Documents For Making Loans: Promissory Note Forms

When an individual or a company is having financial problems, but needs to borrow a certain amount of money immediately, they make use of promissory notes to make a legitimate, binding transaction. A promissory note, or a note payable, is a type of legal IOU in which the borrower signs a document that states that he or she would return the borrowed loan by a certain date (maturity date) along with a certain interest rate. Promissory notes are extremely helpful in any type of financial dealing. Whether borrowing money from a bank, or if a student has insufficient money to pay tuition fees, promissory notes can be very useful.

When creating transactions with the use of promissory notes, you must make sure that you have the sufficient documents for the loan to be valid. One of the most important documents for this loan application is the promissory note form. This type of written document is an enforceable promise that states the loan's terms of payment and conditions, as well as the amount of money being borrowed (with the respective interest rate). Promissory notes should be signed both by the borrower and the lender to prove their legitimacy.

There are several important factors that should be clearly covered by the borrower and the lender. Here are several important ones.

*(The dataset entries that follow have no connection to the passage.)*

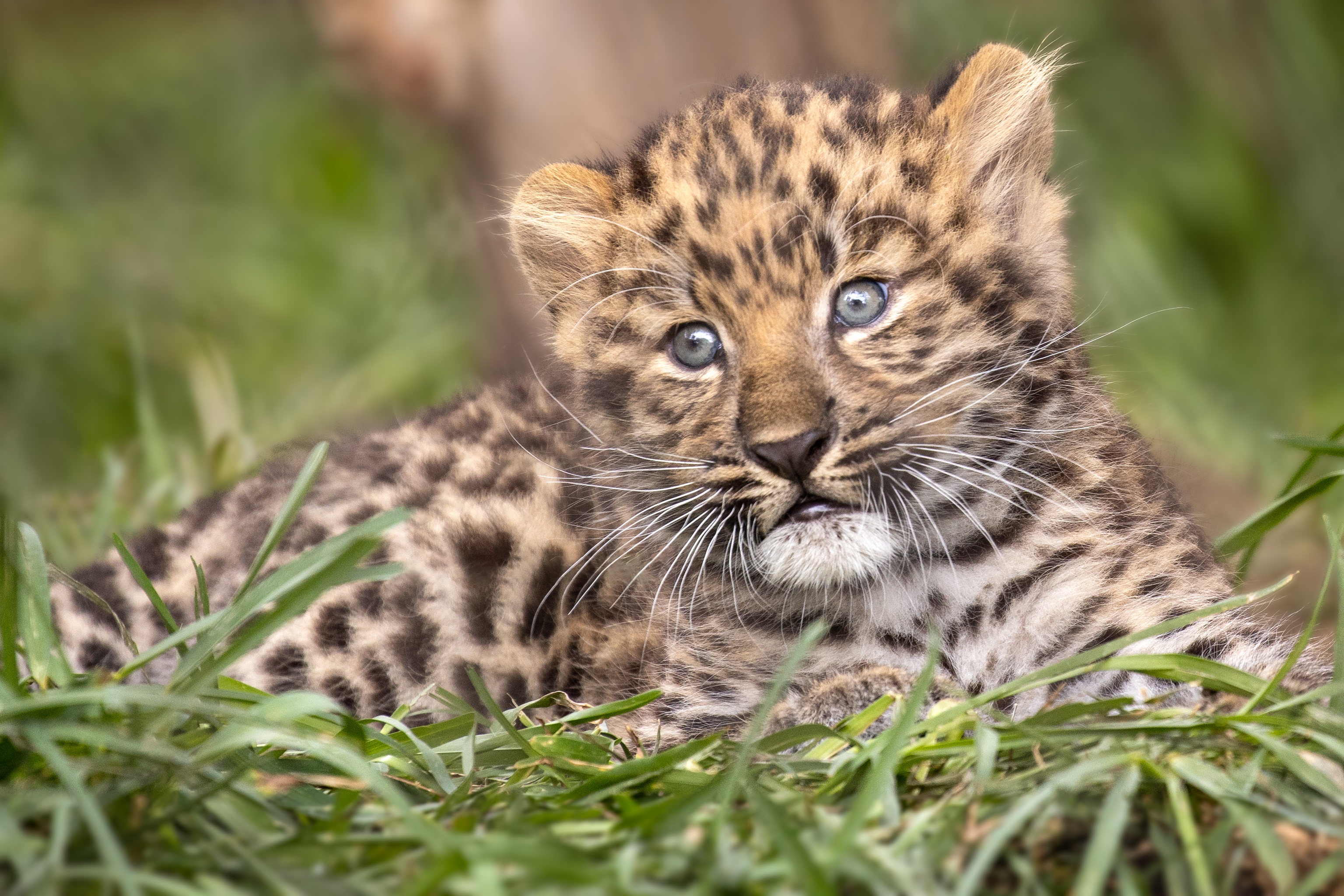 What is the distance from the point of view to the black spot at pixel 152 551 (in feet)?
14.2

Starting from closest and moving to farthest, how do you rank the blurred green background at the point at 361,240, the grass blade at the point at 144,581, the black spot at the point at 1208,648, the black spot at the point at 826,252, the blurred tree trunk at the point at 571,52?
the grass blade at the point at 144,581 → the black spot at the point at 1208,648 → the black spot at the point at 826,252 → the blurred tree trunk at the point at 571,52 → the blurred green background at the point at 361,240

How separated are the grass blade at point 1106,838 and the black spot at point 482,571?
2.22m

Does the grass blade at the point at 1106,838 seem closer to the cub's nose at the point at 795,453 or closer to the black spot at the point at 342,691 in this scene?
the cub's nose at the point at 795,453

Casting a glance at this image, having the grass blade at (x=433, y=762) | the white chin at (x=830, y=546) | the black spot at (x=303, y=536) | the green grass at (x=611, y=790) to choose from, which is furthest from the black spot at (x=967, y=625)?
the black spot at (x=303, y=536)

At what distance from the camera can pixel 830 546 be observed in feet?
10.7

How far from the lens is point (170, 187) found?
12328 millimetres

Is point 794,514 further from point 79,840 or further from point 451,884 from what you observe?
point 79,840

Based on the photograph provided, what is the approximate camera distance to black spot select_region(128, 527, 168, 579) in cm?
433

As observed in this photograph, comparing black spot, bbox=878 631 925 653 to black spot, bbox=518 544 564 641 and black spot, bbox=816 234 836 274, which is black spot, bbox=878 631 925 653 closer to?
black spot, bbox=816 234 836 274

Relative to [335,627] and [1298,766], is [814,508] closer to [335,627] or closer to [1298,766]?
[1298,766]

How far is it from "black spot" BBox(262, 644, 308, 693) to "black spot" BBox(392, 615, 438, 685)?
0.29 m

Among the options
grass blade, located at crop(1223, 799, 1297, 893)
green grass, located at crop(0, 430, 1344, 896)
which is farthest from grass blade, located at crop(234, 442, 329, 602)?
grass blade, located at crop(1223, 799, 1297, 893)

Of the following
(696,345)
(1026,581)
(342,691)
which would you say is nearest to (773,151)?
(696,345)

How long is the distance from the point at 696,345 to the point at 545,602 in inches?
40.2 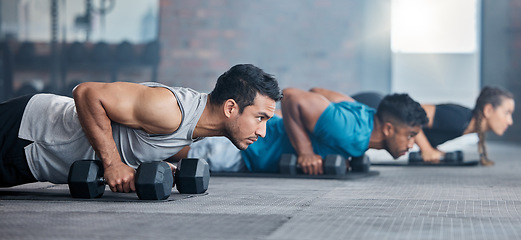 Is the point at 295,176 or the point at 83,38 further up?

* Borrower and Lender's information - This includes the complete name, the contact number and the full address of both parties. Their signatures must also be affixed on this document.

* Promissory note governing law - The note should follow the law regarding promissory notes of the lender's state (where the lender lives or, if the lender is a company, their area of designation).

* Principal amount - This is the amount of money that is owed by the borrower to the lender.

* Interest - This is a certain percentage of the money that is borrowed, and that is added to the original loan amount. The interest is calculated at certain intervals over time until the maturity date.

* Maturity Date - This is also sometimes referred to as the “end of term.” The maturity date is the date when the borrower promises to return the loan (or should have finished paying the loan) along with its respective interest.

Promissory note forms are either provided for by the lender, or customized by the borrower. For example, banks and other financial institutions make use of their own promissory note forms to be filled in by the borrower. As for informal promissory note transactions, such as if borrowing from a relative or a friend, there are some form books and software that allow borrowers to create their own promissory notes.